The delays in board formation, as a result of the political isolation laws, have devastating consequences on associations: if a new board is not elected and confirmed before the two-year term limit of the previous board expired, the labor ministry suspends access to the organization's bank accounts and funding sources, forcing the association to stop work. Seat vacancies also allow the Ministry of Labour and Social Development to appoint new members, leading to fears that the boards may eventually be stacked with government loyalists and "become pro-government more and more," according to an activist.

A member of a civil society organization told Human Rights Watch that "more than 80% of the members cannot be a candidate because they were either in Wa'ad, Al-Wefaq, or another organization dissolved by the court."

The Bahraini government also uses some form of economic sanctions against opposition figures by preventing them "Good Conduct Certificates," which are issued by the "General Directorate of Crime Detection and Forensic Evidence". These certificates are an essential and necessary prerequisite for obtaining employment in the public or private sector, starting a business, applying to university, and obtaining memberships in social and cultural clubs. 

Former prisoners wait months or years for the certificate. Some opposition figures are denied the certificate outright, harming their ability to support themselves and their families.

 One member of Bahrain's civil society told Human Rights Watch "a friend wanted me to be the head of the school, but the ministry refused the certificate so I could not work. The owner of the school was told by the ministry that they couldn't accept me because I was a member of a political society."

A former Bahraini journalist told Human Rights Watch that because of the "continuous arrests since 2011 until 2017, fear became part of what people experience on a daily basis. It became normal for people to censor themselves and silence themselves before they react."

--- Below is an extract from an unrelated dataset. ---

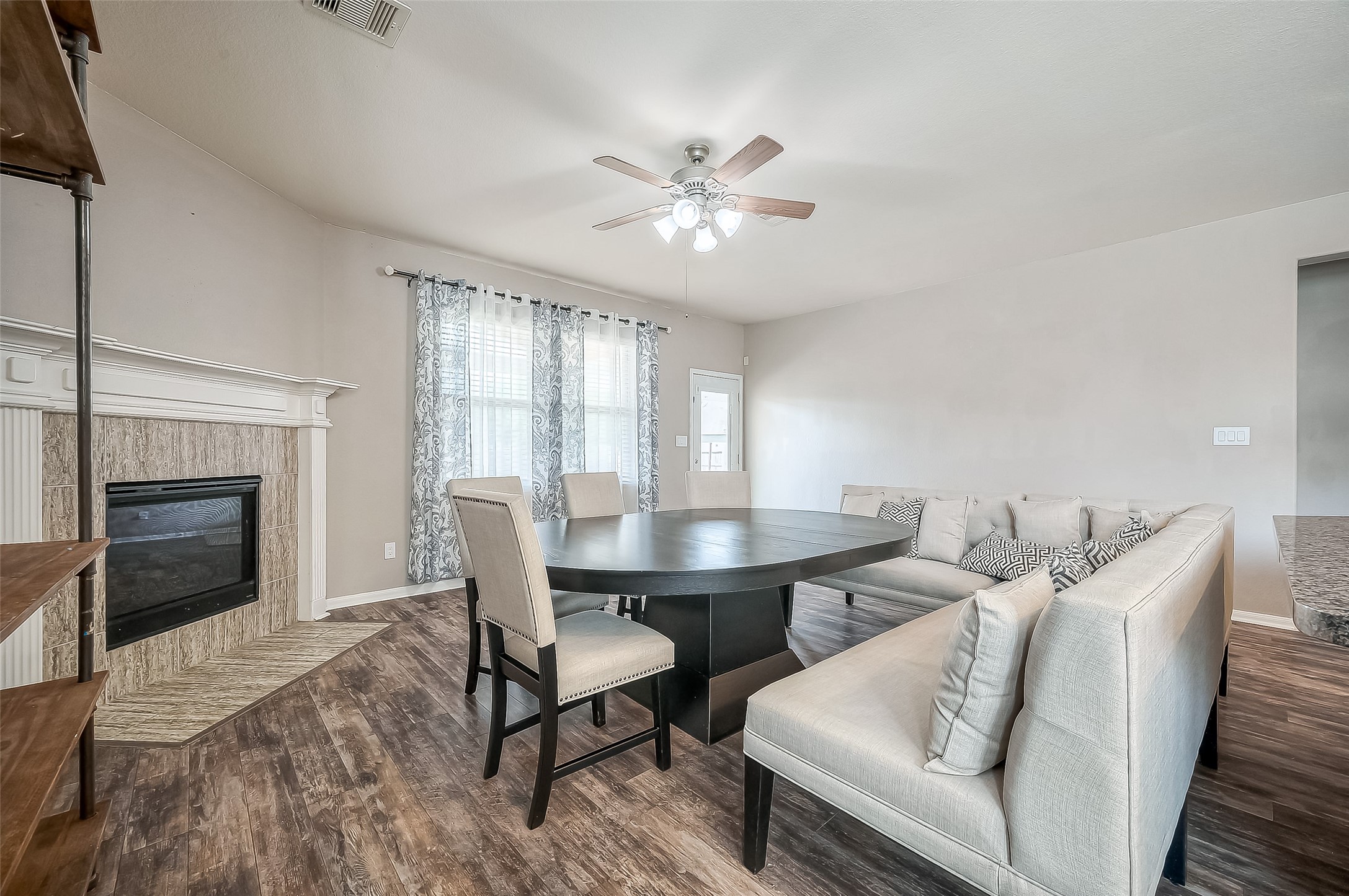 5603 Scoria Rock Drive Property Photo 14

The Bahraini government should repeal the 2018 political isolation laws, end the deplorable Ministry of Interior practice of denying certificates of good behavior to punish perceived opponents, and restore full legal political and civil rights to all Bahraini citizens. It should restore the previously dissolved political societies, lift all restrictions imposed on opposition figures regarding candidacy in the parliamentary and municipal elections, end the restrictive measures that are harming the basic functioning of civil associations, and release all people jailed solely for their peaceful political activities.

Bahrain's allies, including the US, the UK and other European states, should also pressure authorities to cease its repression of peaceful opposition and civil society and reject the results of what will be unfree and unfair parliamentary elections in November if they do not.

"Bahrain's once-vibrant civil society and opposition coalition are being exterminated through laws that legalize government repression. No one should be under the illusion that Bahrain's 'democratic institutions' are more than a hoax," Joey Shea stated.